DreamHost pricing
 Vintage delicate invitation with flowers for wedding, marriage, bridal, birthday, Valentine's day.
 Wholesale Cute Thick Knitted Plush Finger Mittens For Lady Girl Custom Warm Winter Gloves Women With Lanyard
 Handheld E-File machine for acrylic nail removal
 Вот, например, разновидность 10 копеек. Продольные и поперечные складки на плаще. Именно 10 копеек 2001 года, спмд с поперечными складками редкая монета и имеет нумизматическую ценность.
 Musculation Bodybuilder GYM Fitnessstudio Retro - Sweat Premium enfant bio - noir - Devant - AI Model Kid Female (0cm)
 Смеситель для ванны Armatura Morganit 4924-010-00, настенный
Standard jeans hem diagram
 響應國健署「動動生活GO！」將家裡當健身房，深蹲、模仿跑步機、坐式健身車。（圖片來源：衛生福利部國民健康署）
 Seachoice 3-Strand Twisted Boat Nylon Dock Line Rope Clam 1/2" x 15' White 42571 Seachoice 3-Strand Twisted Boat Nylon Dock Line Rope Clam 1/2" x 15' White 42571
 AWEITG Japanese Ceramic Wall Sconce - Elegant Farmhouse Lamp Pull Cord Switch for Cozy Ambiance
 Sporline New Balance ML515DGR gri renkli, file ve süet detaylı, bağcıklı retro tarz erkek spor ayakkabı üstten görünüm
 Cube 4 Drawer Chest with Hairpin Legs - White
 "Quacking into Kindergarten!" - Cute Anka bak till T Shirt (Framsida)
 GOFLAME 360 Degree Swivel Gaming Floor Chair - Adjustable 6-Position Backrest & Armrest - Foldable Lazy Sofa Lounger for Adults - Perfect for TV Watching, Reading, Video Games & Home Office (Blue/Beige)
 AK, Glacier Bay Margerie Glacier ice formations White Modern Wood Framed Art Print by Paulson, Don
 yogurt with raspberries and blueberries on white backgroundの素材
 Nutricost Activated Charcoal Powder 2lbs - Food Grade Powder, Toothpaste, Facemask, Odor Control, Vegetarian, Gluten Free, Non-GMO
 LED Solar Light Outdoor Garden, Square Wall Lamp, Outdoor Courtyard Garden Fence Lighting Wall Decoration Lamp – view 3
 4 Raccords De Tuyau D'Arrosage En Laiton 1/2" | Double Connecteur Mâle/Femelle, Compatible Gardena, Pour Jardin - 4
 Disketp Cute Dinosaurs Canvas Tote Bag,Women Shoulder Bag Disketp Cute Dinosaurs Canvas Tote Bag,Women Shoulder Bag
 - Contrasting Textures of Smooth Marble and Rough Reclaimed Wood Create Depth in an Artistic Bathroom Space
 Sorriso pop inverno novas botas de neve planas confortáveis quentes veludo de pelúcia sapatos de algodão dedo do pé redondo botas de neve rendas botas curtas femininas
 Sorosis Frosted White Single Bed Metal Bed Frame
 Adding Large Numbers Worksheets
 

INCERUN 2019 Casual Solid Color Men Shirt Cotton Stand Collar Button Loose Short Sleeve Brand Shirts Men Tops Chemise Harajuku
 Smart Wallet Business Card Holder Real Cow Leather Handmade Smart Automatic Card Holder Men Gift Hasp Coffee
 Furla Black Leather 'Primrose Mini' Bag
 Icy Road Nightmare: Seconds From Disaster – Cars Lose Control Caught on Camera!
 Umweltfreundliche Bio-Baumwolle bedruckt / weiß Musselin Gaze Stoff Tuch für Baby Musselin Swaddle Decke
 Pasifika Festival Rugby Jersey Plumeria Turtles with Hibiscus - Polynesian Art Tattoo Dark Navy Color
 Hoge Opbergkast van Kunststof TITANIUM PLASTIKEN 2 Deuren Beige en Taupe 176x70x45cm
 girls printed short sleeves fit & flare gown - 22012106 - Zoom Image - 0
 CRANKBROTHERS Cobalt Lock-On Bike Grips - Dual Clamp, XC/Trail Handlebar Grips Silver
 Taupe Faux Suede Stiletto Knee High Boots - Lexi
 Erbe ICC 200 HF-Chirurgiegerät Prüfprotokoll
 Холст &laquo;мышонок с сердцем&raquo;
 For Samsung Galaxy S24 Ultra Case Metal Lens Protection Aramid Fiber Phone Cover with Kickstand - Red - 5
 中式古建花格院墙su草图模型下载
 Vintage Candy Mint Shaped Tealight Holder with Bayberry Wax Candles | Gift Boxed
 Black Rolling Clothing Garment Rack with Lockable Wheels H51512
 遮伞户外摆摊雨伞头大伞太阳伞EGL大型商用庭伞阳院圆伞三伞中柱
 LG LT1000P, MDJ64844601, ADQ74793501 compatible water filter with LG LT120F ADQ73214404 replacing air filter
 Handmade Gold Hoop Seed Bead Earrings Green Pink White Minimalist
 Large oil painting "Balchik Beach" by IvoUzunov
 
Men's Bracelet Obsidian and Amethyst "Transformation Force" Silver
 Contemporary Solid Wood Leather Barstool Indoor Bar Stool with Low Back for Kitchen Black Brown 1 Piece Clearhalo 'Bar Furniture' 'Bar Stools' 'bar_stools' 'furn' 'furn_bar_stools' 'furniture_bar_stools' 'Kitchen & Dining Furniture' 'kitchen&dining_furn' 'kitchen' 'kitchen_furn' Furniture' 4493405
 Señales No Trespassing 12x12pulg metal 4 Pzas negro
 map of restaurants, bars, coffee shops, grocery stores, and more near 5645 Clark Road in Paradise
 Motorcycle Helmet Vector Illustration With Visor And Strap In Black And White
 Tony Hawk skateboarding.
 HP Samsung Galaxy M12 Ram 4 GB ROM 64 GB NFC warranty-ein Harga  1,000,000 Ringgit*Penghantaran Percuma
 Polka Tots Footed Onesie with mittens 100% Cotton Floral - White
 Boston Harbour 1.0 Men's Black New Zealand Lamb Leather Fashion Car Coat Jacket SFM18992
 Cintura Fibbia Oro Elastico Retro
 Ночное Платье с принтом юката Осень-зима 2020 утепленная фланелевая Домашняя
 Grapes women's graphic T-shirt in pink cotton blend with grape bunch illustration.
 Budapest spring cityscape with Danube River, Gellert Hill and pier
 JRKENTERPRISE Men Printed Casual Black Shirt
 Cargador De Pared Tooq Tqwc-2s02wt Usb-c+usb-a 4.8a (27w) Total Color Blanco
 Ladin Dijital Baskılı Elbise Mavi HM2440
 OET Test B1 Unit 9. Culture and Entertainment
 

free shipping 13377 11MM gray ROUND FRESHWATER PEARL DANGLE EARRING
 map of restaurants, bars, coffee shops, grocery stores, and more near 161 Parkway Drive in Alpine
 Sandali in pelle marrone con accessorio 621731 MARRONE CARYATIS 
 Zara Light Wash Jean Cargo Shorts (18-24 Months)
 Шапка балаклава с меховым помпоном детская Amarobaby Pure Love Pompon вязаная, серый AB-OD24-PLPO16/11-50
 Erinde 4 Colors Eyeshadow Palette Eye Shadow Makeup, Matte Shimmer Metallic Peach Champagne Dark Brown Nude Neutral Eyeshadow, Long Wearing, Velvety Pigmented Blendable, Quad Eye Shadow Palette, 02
┄┄┄┄┄┄┄┄┄┄
To do –
Each line from the one that holds "HP Samsung Galaxy" to the end of the records above should be transcribed exactly, both ends included.

Written response –
 HP Samsung Galaxy M12 Ram 4 GB ROM 64 GB NFC warranty-ein Harga  1,000,000 Ringgit*Penghantaran Percuma
 Polka Tots Footed Onesie with mittens 100% Cotton Floral - White
 Boston Harbour 1.0 Men's Black New Zealand Lamb Leather Fashion Car Coat Jacket SFM18992
 Cintura Fibbia Oro Elastico Retro
 Ночное Платье с принтом юката Осень-зима 2020 утепленная фланелевая Домашняя
 Grapes women's graphic T-shirt in pink cotton blend with grape bunch illustration.
 Budapest spring cityscape with Danube River, Gellert Hill and pier
 JRKENTERPRISE Men Printed Casual Black Shirt
 Cargador De Pared Tooq Tqwc-2s02wt Usb-c+usb-a 4.8a (27w) Total Color Blanco
 Ladin Dijital Baskılı Elbise Mavi HM2440
 OET Test B1 Unit 9. Culture and Entertainment
 

free shipping 13377 11MM gray ROUND FRESHWATER PEARL DANGLE EARRING
 map of restaurants, bars, coffee shops, grocery stores, and more near 161 Parkway Drive in Alpine
 Sandali in pelle marrone con accessorio 621731 MARRONE CARYATIS 
 Zara Light Wash Jean Cargo Shorts (18-24 Months)
 Шапка балаклава с меховым помпоном детская Amarobaby Pure Love Pompon вязаная, серый AB-OD24-PLPO16/11-50
 Erinde 4 Colors Eyeshadow Palette Eye Shadow Makeup, Matte Shimmer Metallic Peach Champagne Dark Brown Nude Neutral Eyeshadow, Long Wearing, Velvety Pigmented Blendable, Quad Eye Shadow Palette, 02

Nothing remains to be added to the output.